In any event, virtually every high tech company, from the lowliest internet startup all the way up to DELL, CPQ, Intel and MSFT, use the same techniques. Perhaps there has actually been no tech profit ever, and all of these companies built their market caps on accounting tricks.

Or maybe Parish is full of Crap. I think actually that Parish knows full well that his stuff is nonsense, but it makes good reading for people who don't know much about accounting, and keeps the Parish name floating around. Every few months a weary pilgrim stumbles into the Parish oasis, and the half-baked positions get another round of attention.



To: Hawkmoon who wrote (41029)4/4/2000 10:41:00 AM
From: Valley Girl  Read Replies (2) | Respond to of 74651
 
Re. options:

OK I'll take a stab at this while I wait to see which direction softee's going to head this a.m.

When an employee excercises a stock option, there is no actual cash effect on the company. The company simply pulls a few more shares off the printing press and that's it (I'm neglecting the inconsequential processing costs). When an employee exercises and sells stock options, there is still no cash effect on the company; the "market" gives the employee money in exchange for the shares.

From a revenue point of view there is no effect whatsoever. How could there be? Even when the company itself sold stock at the IPO it wasn't "revenue". From a cash point of view there is also no effect. From a shareholder point of view, there is an effect, and here's where we get to the truth of the matter - after the company issues the new shares from treasury, the ownership of all other shareholders has been diluted slightly. This has the main effect of lowering EPS going forward. There is no slight of hand here; MSFT's EPS today reflect the cumulative effects of all stock options exercised over the years since its IPO, and its EPS in coming years will reflect any further shares created by the process.

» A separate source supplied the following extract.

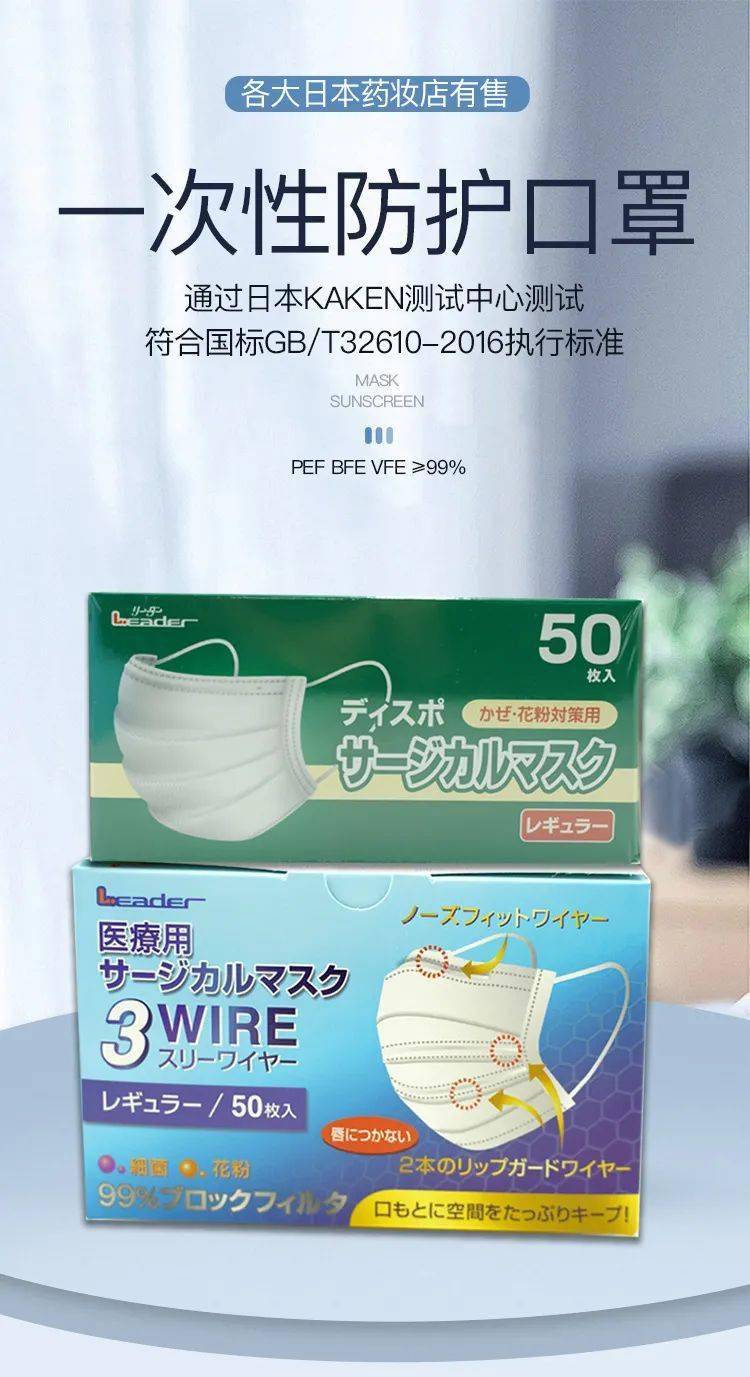 99bfe出口日本一次性立体口罩50枚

There is a complication on the expense side, however, that may be a source of confusion to some. As things stand now there are actually two different types of stock options, Incentive Stock Options (ISOs) and Non-Qualifying Stock Options (NQs).

In the old days, everyone got ISOs. These were great for the employee because if you exercised an ISO, you did not have to pay any tax until you actually sold the shares received. If you held them long enough, you could thus get long-term cap gains treatment on the difference between the exercise price and the sale price (albeit at the risk that the stock might drop in the interim, but that's the same risk any shareholder takes). The main complication was the infamous Alternative Minimum Tax (AMT), which attempted to tax you on the "gain" immediately, even if you lacked any actual cash proceeds, and even if, thanks to a decline in the stock price, you lost money later.

Companies eventually started to issue NQs exclusively. NQs do not get the favourable tax treatment; employees are taxed immediately on the difference between the exercise price and the share price, and it's taxed as ordinary income to boot! Not such a great deal for the employee, but the company gets a bizarre tax break because now the amount of money the employee received (from the market) is deductable by the company just like the rest of the employee's salary! There is some logic to this; after all, the owners of the company in effect did pay out this money because, as shareholders, their claim on future income was diluted by an amount equal (in market value) to the amount the employee received by exercising. But from the company's perspective, it's another non-cash expense, like depreciation, that it can deduct from it's taxes. So, net net, there is an effect after all, not on revenue, but on income: the company's income for tax purposes goes down, lowering the effective tax rate, and so the company's stated income for EPS reporting purposes goes up by the amount of the tax saved (which is not a phoney savings at all, it's real money the company did not have to pay to the government).

Everyone confused now? There's be a quiz later!